Hattat ve Arapça öğretmeni bir baba ile resim öğretmeni bir annenin yetenekli kızları Hibe ve Elmas’ın azmi göz dolduruyor. Suriye’den kaçarak ülkemize sığınan bu ailenin yaşadıkları bize savaşın acımasız yüzünü bir kez daha gösterdi.

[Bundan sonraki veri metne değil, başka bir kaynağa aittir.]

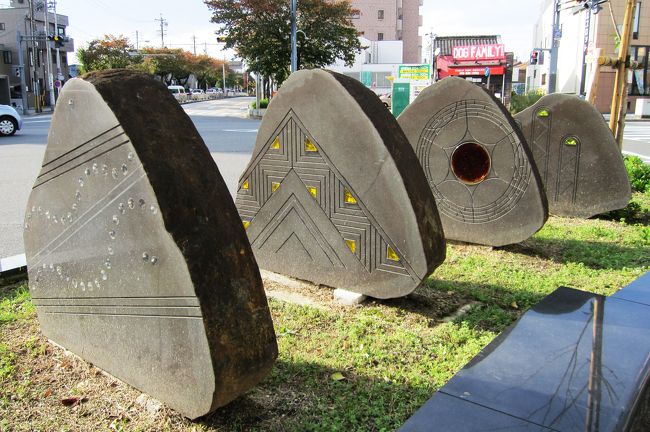 環状線と呼ばれている通りの街角光景です。交差点の植樹帯を利用したモニュメントがありました。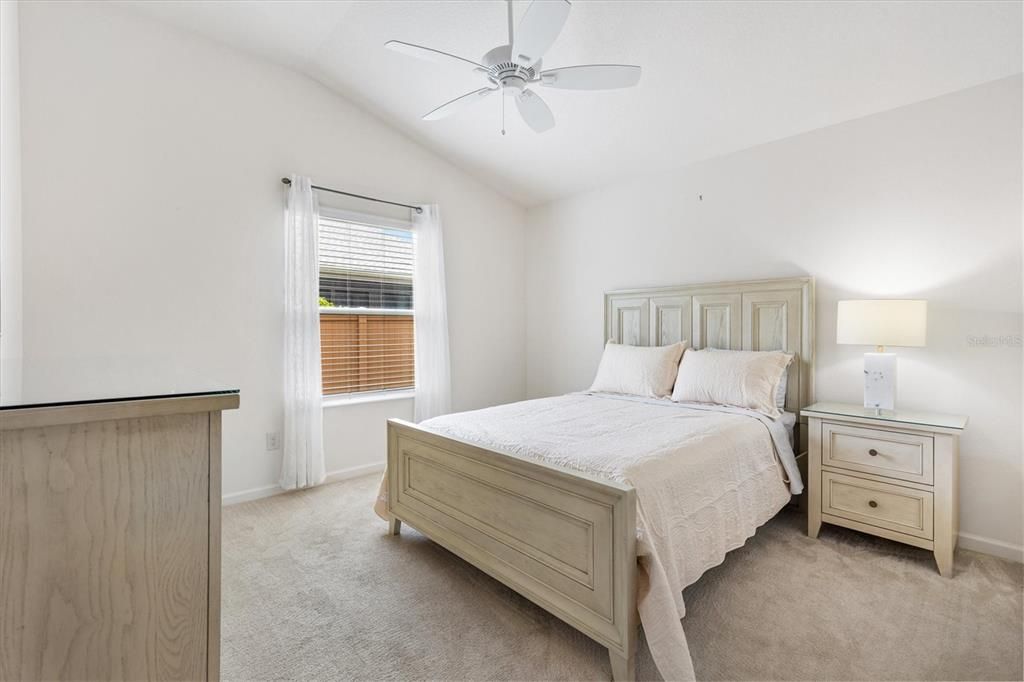 Activo con contrato: $279,000 (2 camas, 2 baños, 1227 Pies cuadrados)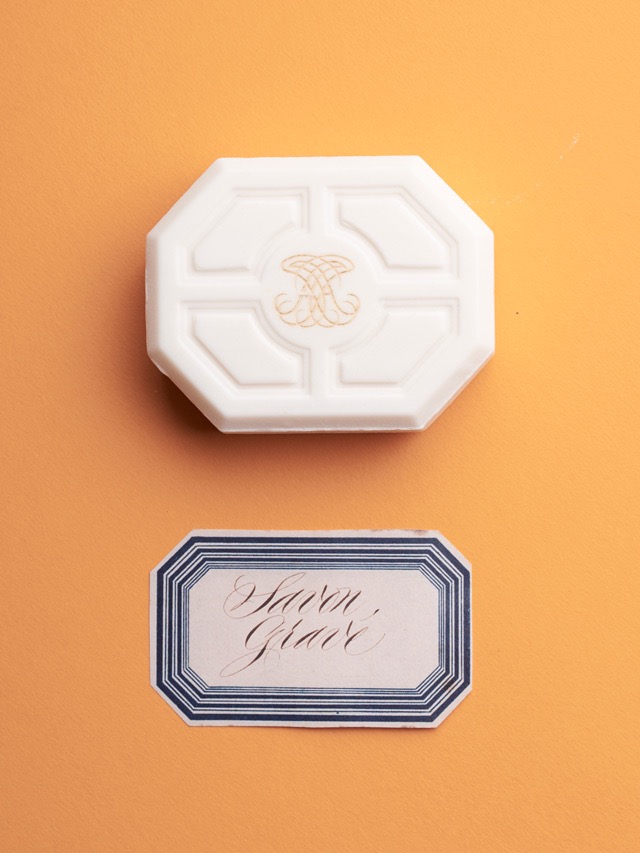 Officine Universelle Buly launches personalized engraving services Officine Universelle Buly launches personalized engraving services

Bu hafta sizlerle; Elmas, Hibe Hüsam El Hüseyin ve değerli ailesinin hikâyesini paylaşacağım. Bayramın son günü Troia Rallisi’ne katılmak için Çanakkale’ye doğru yola çıkarken, onlarla bayramlaştık. Bu güzel aileyle beni tanıştıran Şanlıurfa Bahçeşehir Koleji Yöneticisi Essum Saatçi Aslan oldu. Ona da teşekkürü bir borç bilirim. Hattat ve Arapça öğretmeni bir baba, resim öğretmeni bir anne, müzisyen erkek çocukları ve yetenekli kızları Hibe ve Elmas... Bir gün Elmas’ı dünyaca ünlü bir ressam olarak göreceğimize emin gibiyim. Misafirlerimizi “Suriyeli” diye ötekileştirme savaşı veren bazı insanlar varken çözüm üretmeye yönelik enerji harcayan insanlara saygım çok. Çözüm derken dilenmeye değil üretmeye teşvik etmeyi kastediyorum. Birçok mülteci çocuk okul dönemleri savaş ve kaçış dönemlerine denk geldiği için okul ortamına, arkadaşlıklara, sosyalliğe yabancı olarak sonradan okula gitmeye çalışıyor. Şu anda 9-10 yaşında olan çocukların çoğu hiç okul yüzü görememiş. Bunlar çok acı gerçekler. Elmas’ın ve Hibe’nin başarıları birçok başka yetenekli gence örnek olabilir. Çocukların umutlu olması ise zaten anne babaların da ümitlerinin yeşermesi demek. Elmas ve Hibe’nin annesinin mutluluk gözyaşları hepimizi ağlattı. İnşallah beğenir, hatta yıllar sonra daha başka iyi haberlerini okursunuz. İyi pazarlar…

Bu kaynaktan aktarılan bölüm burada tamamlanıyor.